A major advantage of PSM is that it addresses confounding factors and biases inherent to observational data. In the context of our study design, it was, for example, reasonable to assume that diligent students, who can typically expect good grades in exams, were also more likely to use the Skills lab for preparation. Failing to consider such parameters can lead to a claimed positive effect of practice that is actually due to high GPA or success in prior exams positively influencing OSCE results [18, 49]. In our study, we corroborated previous findings that students with vocational training or professional experience in adjacent healthcare professions have advantages in certain aspects of the OSCE, especially in the demonstration of medical skills, compared to their classmates with an excellent GPA [18], who entered medical school immediately after graduation. These students may not necessarily need to refresh skills such as blood collection or venous catheter placement.
Irrespective of these considerations and our findings that a complex exam like an OSCE does indeed motivate additional, extracurricular practice of crucial skills and techniques and has positive effects on study success, consistent practice is likely imperative for consolidating any learning achievement. In the academic curriculum, refreshment and consolidation occur formally through clerkships and internships. Whether the skills acquired during OSCE preparation are sustained, or partially forgotten by the end of the program, remains unanswered in this study. Observations from the Skills lab at MHH suggest that students, without the motivation of the OSCE, rarely engage in FP in later years of study. Thus, some routines learned in the second year of study may be forgotten when students graduate [50]. The regular performance of more practically oriented assessments would foster the continuation and internalization of practical-technical skills in the sense of ‘assessment drives learning’ [11]. Although high personnel, time, and financial costs may set limits in this regard [51], a second compulsory OSCE is set to be introduced in 2025 at MHH and will test a wide array of theoretical, practical and communicative skills towards the end of the study program.

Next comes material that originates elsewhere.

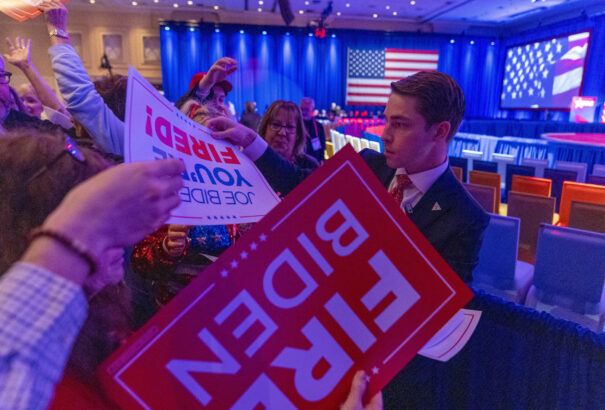 Dél-Karolinában folytatódik a republikánus előválasztás. Trumpot keményen támadják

Whether the second OSCE positively influences students’ willingness to continuously engage in voluntary practice, will become a very interesting research endeavor in a few years’ time.
Strengths and limitations
In our study, we estimated statistically robust treatment effects of voluntary practice on OSCE results in the setting of a real clinical examination of undergraduate students with observational data. With our Propensity Score Matching (PSM) approach, we were able to reduce potential biases and showed that simple statistical sample tests tended to overestimate true effect sizes. Our analysis further showed that a positive relationship between practice and exam success is not a universally valid automatism. Rather, the presence and strength of effects depended on the type, complexity of and familiarity with the task.
Some limitations of this study must be acknowledged: our sample comprises less than one-third of eligible participants, although it is quite representative of the three included cohorts. In particular for some less-frequently assessed medical skills, the sample size is small, and matching resulted, on some occasions, in the removal of further observations to obtain precise, robust and unbiased estimates. As some parts of the OSCE were practiced by either a large or a very small share of participants, there are some imbalances in the size of control- and treatment groups, which we countered with matching with replacement. Another limitation is that data on practice behavior and Skills lab visits relied on self-declarations and required participants to recall their OSCE preparation from memory. For this reason, we refrained from asking how often each skill was trained, and we could not verify if participants’ answers were always accurate. Although the OSCE at MHH is highly standardized, our results are not fully generalizable, as timing and topics are university-specific, which is also the case for the equipment of the Skills lab.
Supporting information
Acknowledgments
We thank all respondents for their participation in this study. We appreciate the help by Christoph Noll and Sina Golon in the provision of data on OSCE results and information on exam contents and OSCE procedures. We thank two reviewers and participants at the 2022 annual meeting of the GMA (German Association for Medical Education) for helpful comments and suggestions.
Data Availability
All relevant data are within the manuscript and its Supporting information files.
Funding Statement
The author(s) received no specific funding for this work.
References
- 1.Epstein RM, Hundert EM. Defining and assessing professional competence. JAMA 2002; 287: 226–235. [DOI] [PubMed] [Google Scholar]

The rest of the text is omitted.